In [1]:
#math and linear algebra stuff
import numpy as np

#Math and linear algebra stuff
import scipy.stats as scs

#plots
import matplotlib as mpl
mpl.rcParams['figure.figsize'] = (16.0, 9.0)
#mpl.rc('text', usetex = True)
import matplotlib.pyplot as plt
%matplotlib inline

# Normalizing flows for Deep Learning

## Introduction

This notebook is somehow a follow up the InformationTheoryOptimization notebook. Many more basic concepts exposed there will be used here. But we will give a short reminder.

## Definitions

### Bayes theorem

Although Bayesian statistics is not really a novel approach, the recent rise of probabilistic programming libraries, availability of a lot of data, and powerful computer to run markov chains, made the tedious task of running bayesian inference algorithms a lot easier.

Let's recall some simple elements about the Bayes theorem that we have been in other notebooks:

For two given random variables, $X$ and $Y$, we can write :
\begin{equation}
    P(\theta|x) = \frac{P(x|\theta)P(\theta)}{P(x)}
\end{equation}


We could use a slightly more formal version, that includes a model $\mathcal{M}$ that we believe is the underlying model for the random variable $x$, parametrized by $\theta$

\begin{equation}
    P(\theta|x,\mathcal{M}) = \frac{P(x|\theta, \mathcal{M})P(\theta|\mathcal{M})}{P(x|\mathcal{M})}
\end{equation}

* Usually, $\theta$ is the random variable that we would like to caracterize. It usually consist in a set of parameters for a given statistical model (mean and variance for a normal distribution for instance).

* On the contrary $x$, called the evidence, is usually derived from a known dataset, or from sampling a real life process. We will see shortly how we can define an empirical distribution from a set of samples. 

* We call $P(x|\theta)$ the likelihood of $x$, given the model distribution  $\theta$. This is the likelihood (or its logarithm) we tried to maximize with various instances of expectation maximization algorithm in the InformationTheory notebook by finding the optimal model parameters $\theta$.
Maximum likelihood had some success in the past for some instance of problems where likelihood or its logarithm were concave and differentiable, and a gradient based methods allowed to find a global maximum.

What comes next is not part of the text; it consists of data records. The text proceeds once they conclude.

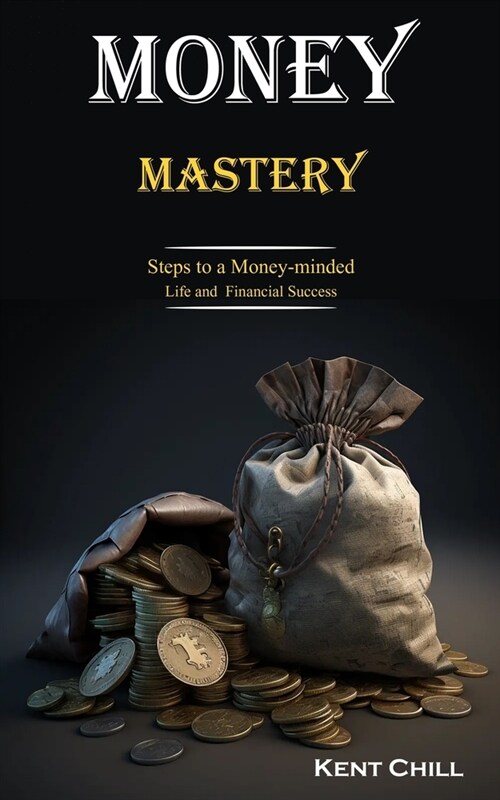 Money Mastery: Steps to a Money-minded Life and Financial Success (Paperback)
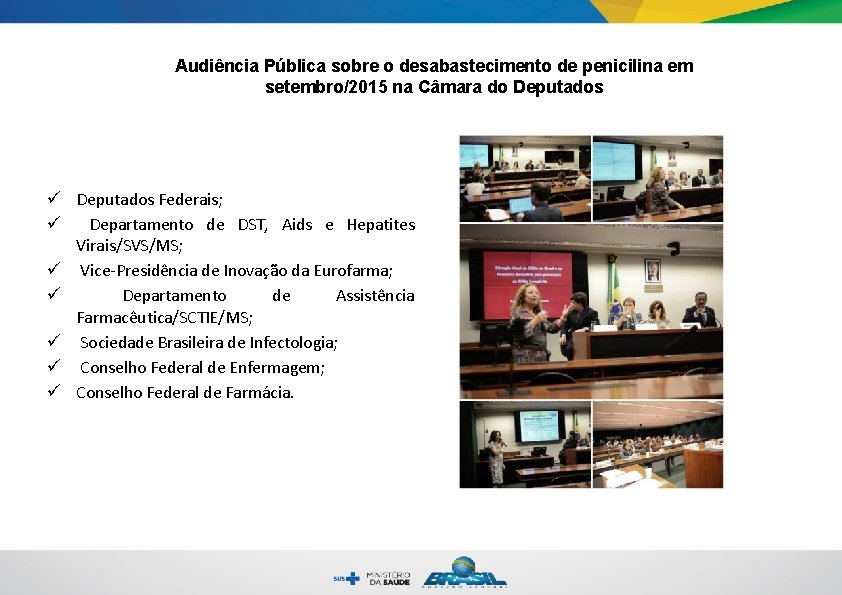 Audiência Pública sobre o desabastecimento de penicilina em setembro/2015 na Câmara do Deputados ü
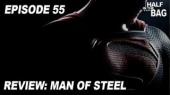    - Half in the Bag Episode 55: Man of Steel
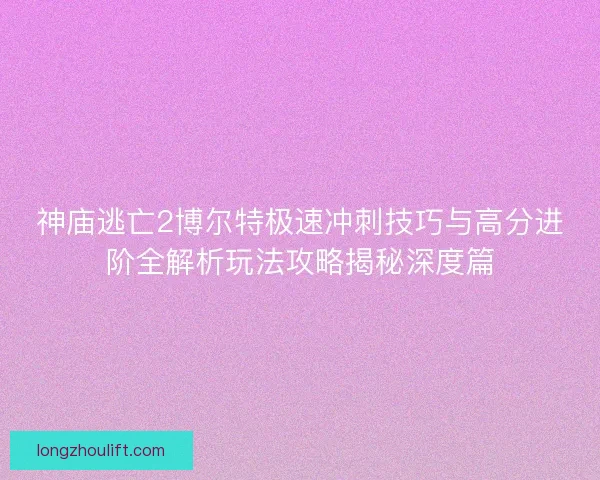 神庙逃亡2博尔特极速冲刺技巧与高分进阶全解析玩法攻略揭秘深度篇 神庙逃亡2博尔特极速冲刺技巧与高分进阶全解析玩法攻略揭秘深度篇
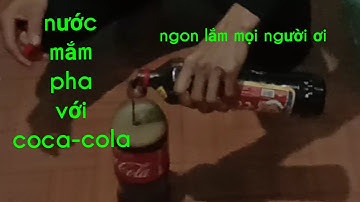 HPTN troll trần cảnh uống nước mắm pha coca-cola và cái kết  cười sặc cơm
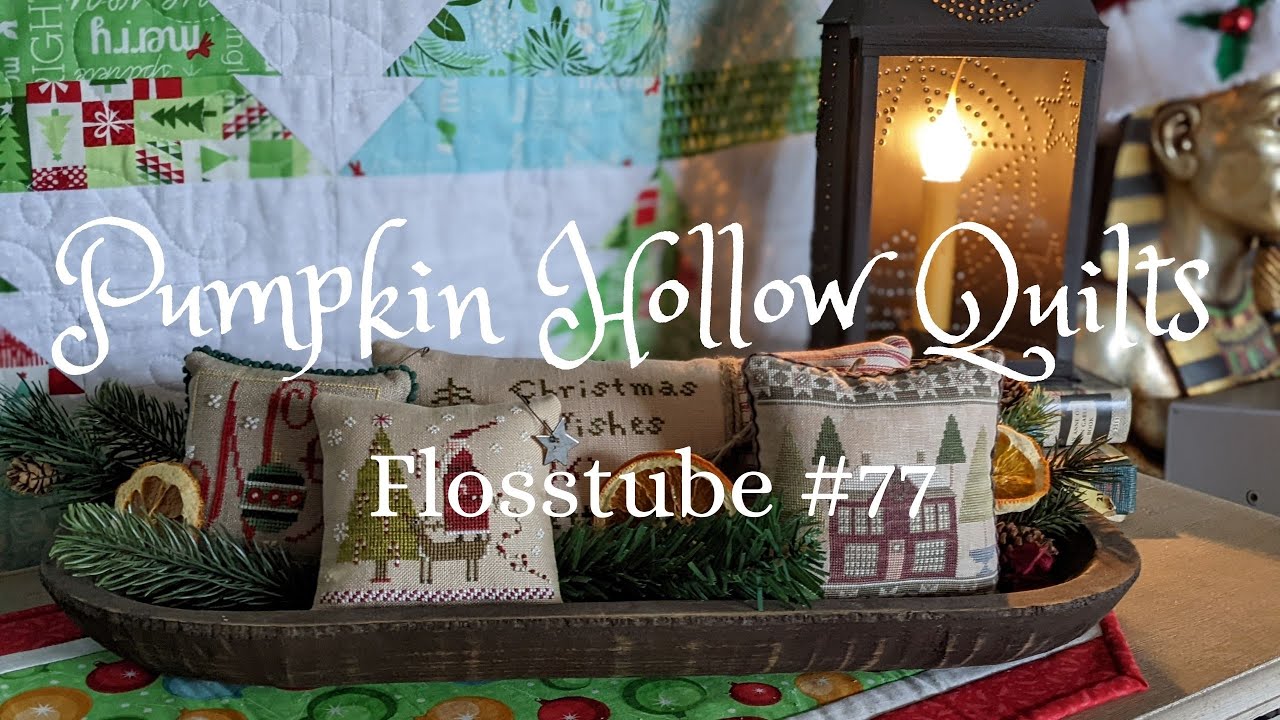 Flosstube# 77 ~ Merry Christmas! Progress and Finishes of Christmas Past!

* We call $P(\theta|x)$ the posterior distribution of $\theta$, given a known (usually empirical distribution of data) $x$. As opposite to the prior, it gives an idea of the probability of the model AFTER some data ($x$) has been seen.

* We call $P(\theta)$ the a-priori distribution for the variable $\theta$. This one can be derived if we have a-priori knowledge on the model parameters $\theta$, it may consist in apriori knowledge of some surrogate parameters that we integrate as a marginal distribution and scale. A prior usually allows us to compute the probability of a given set of parameters $\theta \in \mathbb{R}^n$ that feed the model $\mathcal{M}$.

A priori usually writes:
  \begin{align*}
    y &\rightarrow P(\theta=y) \\
    \mathbb{R}^n &\mapsto [0,1]
  \end{align*}
  
A concrete example is for instance, the use of the framework of random markov field (or Gibbs random field) in a n-dimensional space like an image, were we can consider the pixels as a set of vertices of a graph, and only neighbouring pixels are connected by edges. The probability of a given graph $\mathcal{G} = (\mathcal{V}, \mathcal{E})$ is given by $P(\mathcal{G}) = \alpha e^{-\beta U(\mathcal{G})}$ where $\alpha$ and $\beta$ are normalization factor, and $U(\mathcal{G}) = \sum_{c\in C} V_c(\mathcal(G))$ is a sum of clique potentials $V_c(\mathcal(G))$ over all possible cliques $C$. A very common instance of Gibbs measure is the gaussian-like distribution where, we have, for each neighbouring pair of pixel $p_1-p_2$ (a clique): $V_{p_1-p_2}(\mathcal{G}) = (\mathcal{G}_{p_1}-\mathcal{G}_{p_2})^2$
When one has no apriori on $\theta$, then the highest entropy hypothesis is implicitly used. More pragmatically, we write $P(\theta=y) \sim Uniform(\mathrm{supp} \theta)$ where $\mathrm{supp} y)$ is the support of $\theta$
Notice that, given a discrete process, as long as we received new data, the prior distribution can be taken just as being the previous step posterior.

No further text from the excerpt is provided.